- Stablecoin market capitalization increased to around $263 billion in 2025, following new U.S. regulatory frameworks.
- Tether (USDT) dominated the market, holding about 62% of total capitalization and expanding its U.S. strategy.
- Circle’s USDC grew to $65 billion in market cap, driven by a public offering and bipartisan support for regulation.
- World Liberty Financial’s USD1 reached $2.2 billion in market cap, supported by ties to U.S. leadership and significant investments.
- Other stablecoins such as TUSD, USDS, USDe, and RLUSD experienced various levels of growth and challenges during the year.

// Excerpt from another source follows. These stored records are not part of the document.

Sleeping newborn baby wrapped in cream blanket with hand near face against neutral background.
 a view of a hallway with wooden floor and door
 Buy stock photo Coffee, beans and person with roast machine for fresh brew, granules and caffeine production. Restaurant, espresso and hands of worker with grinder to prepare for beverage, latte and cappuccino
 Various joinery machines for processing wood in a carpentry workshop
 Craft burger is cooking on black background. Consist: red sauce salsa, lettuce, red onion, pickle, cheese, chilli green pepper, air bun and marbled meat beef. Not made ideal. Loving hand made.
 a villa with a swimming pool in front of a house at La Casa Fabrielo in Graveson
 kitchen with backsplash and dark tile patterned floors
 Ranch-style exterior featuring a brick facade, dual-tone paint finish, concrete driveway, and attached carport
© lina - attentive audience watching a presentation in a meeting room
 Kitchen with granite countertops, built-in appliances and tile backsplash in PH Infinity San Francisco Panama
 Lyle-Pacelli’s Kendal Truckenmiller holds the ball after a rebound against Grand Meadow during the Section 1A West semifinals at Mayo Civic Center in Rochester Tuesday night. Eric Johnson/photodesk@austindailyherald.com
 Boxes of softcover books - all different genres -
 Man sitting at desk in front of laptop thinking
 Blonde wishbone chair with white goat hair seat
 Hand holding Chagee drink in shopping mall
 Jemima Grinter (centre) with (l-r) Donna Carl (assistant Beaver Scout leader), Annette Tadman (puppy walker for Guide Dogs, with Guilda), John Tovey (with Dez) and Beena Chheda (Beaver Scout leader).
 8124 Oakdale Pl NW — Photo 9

The stablecoin sector saw significant growth in 2025 as the United States established new regulatory guidelines and several leading companies expanded their offerings. According to DefiLlama, the combined market capitalization for stablecoins increased from approximately $205 billion to about $263 billion this year.
Tether (USDT) remained the leading stablecoin, controlling 62% of total market capitalization. Its market cap climbed from about $137 billion to $162 billion during 2025. Tether also announced plans to target U.S. institutional markets, aiming to improve payment systems and interbank settlements. CEO Paolo Ardoino stated in an interview with Bloomberg that the company’s U.S. domestic strategy is “well in progress,” focused on providing an efficient stablecoin for these purposes.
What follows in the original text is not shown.